En l’occurrence, l’Honorable Pierre-C. Gagnon a jugé que la courte prescription extinctive de l’article 2929 C.c.Q. n’opère que si l’action en justice est fondée exclusivement sur l’atteinte à la réputation des demandeurs. On peut lire, dans la décision :
[57] La courte prescription extinctive de l’article 2929 C.c.Q. n’opère que si l’action en justice est fondée exclusivement sur l’atteinte à la réputation du [demandeur].
Parallèlement, la Cour détermine que plusieurs des chefs précités peuvent faire double emploi et notamment qu’ils ne reflètent que la manifestation des conséquences de l’atteinte à la réputation. À titre d’exemple, le juge se reporte à la perte de sommeil des demandeurs. Il soutient cette affirmation en ces termes :
[65] Rejeter uniquement la réclamation de 50 000 $ pour atteinte à la réputation, en l’isolant des autres, serait donner un coup d’épée dans l’eau, car il se pourrait que le jugement au fond accorde tout de même à chaque demandeur le plein montant de 500 000 $ (ou moins), après les modifications procédurales appropriées.
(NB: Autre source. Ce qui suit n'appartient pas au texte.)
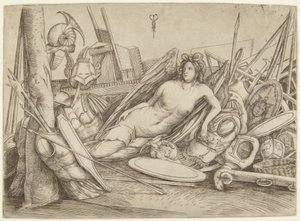 Victory with Trophies by Jacopo de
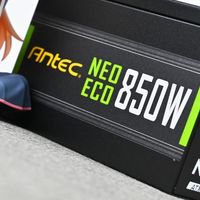 Antec安钛克NE850 ATX3.1金牌全模组电源开箱试玩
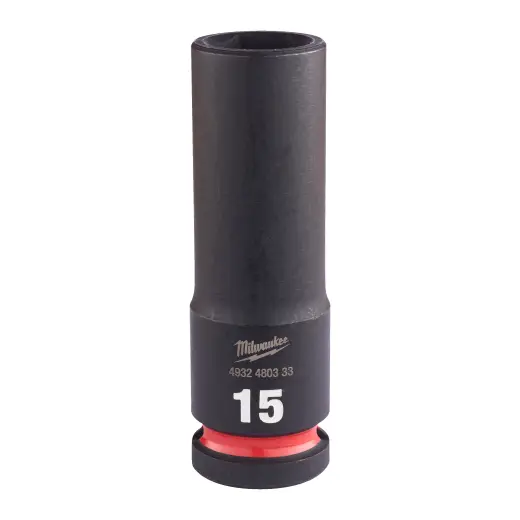 Nasadka udarowa HEX 1/2" długa 15 mm | 4932480333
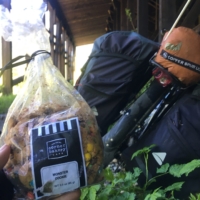 Munching on some monster cookies Colleen gave me in L.A. NOMNOMNOM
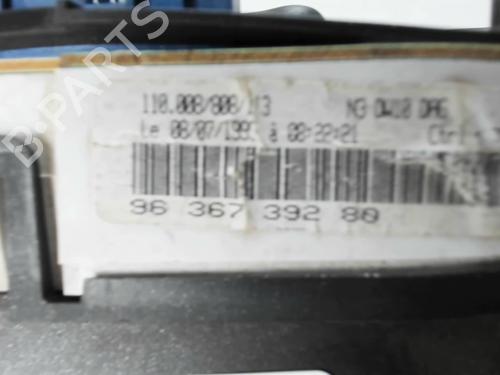 Instrument cluster PEUGEOT 306 Break (7E, N3, N5) 2.0 HDI 90 | BP29625474C47 
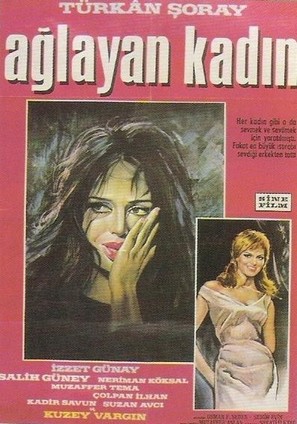 Aglayan kadin - Turkish Movie Poster (thumbnail)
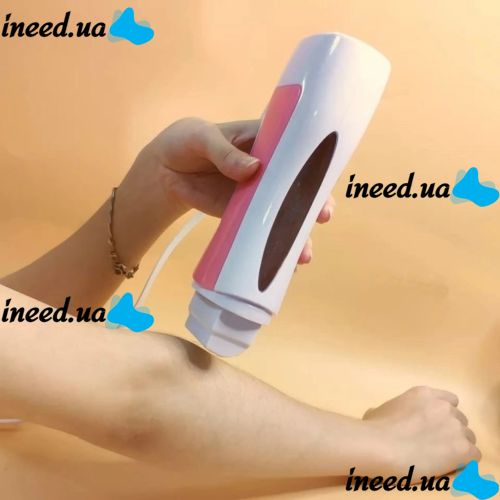 Кассетный одинарный воскоплав Depilatory Heater 40W нагреватель для горячего воска, Однокассетный воскоплав для восковой депиляции и шугаринга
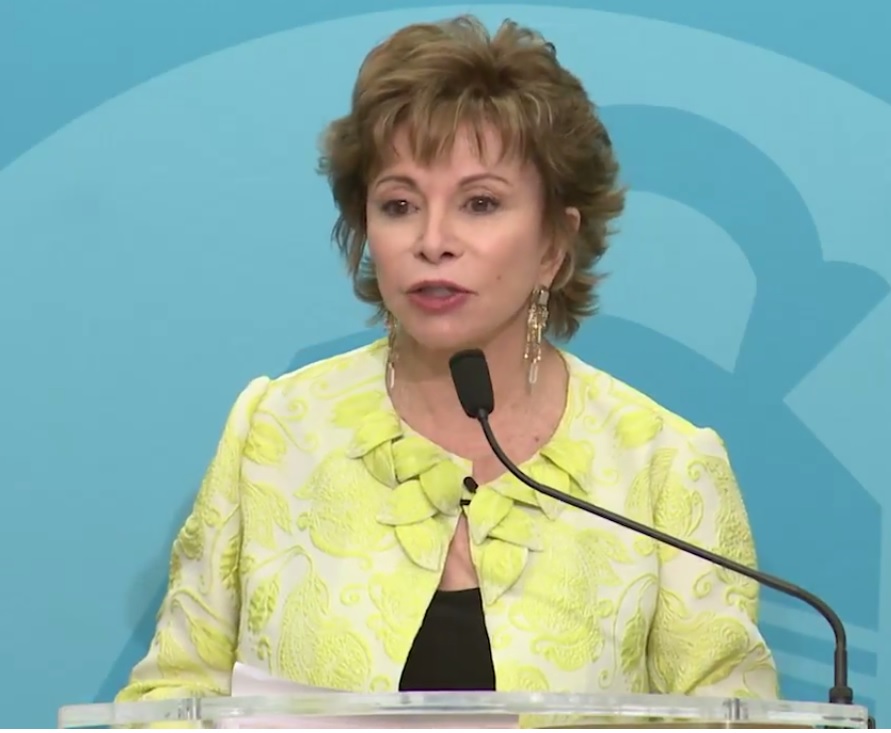 Isabel Allende won the 2026 Premio Planeta for La hora antes del alba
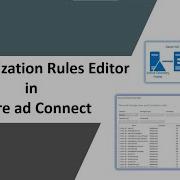 Synchronization Rules Editor In Azure AD Connect Create Custom Synchronization Rules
Plus encore, le juge Gagnon reprend les enseignements de la Cour d’appel dans l’arrêt Filion c. Chiasson qui soulignent que le délai d’un an en matière d’atteinte à la réputation « est inapplicable quand les agissements fautifs débordent l’atteinte à la réputation et comportent d’autres facettes indissociables, dont l’intégrité physique, la dignité, la vie professionnelle et la vie privée des victimes alléguées. ».
Pour ces motifs, le tribunal a rejeté le moyen de prescription extinctive, ce qui confirme la présence d’exception à cette règle.
La décision est disponible ici.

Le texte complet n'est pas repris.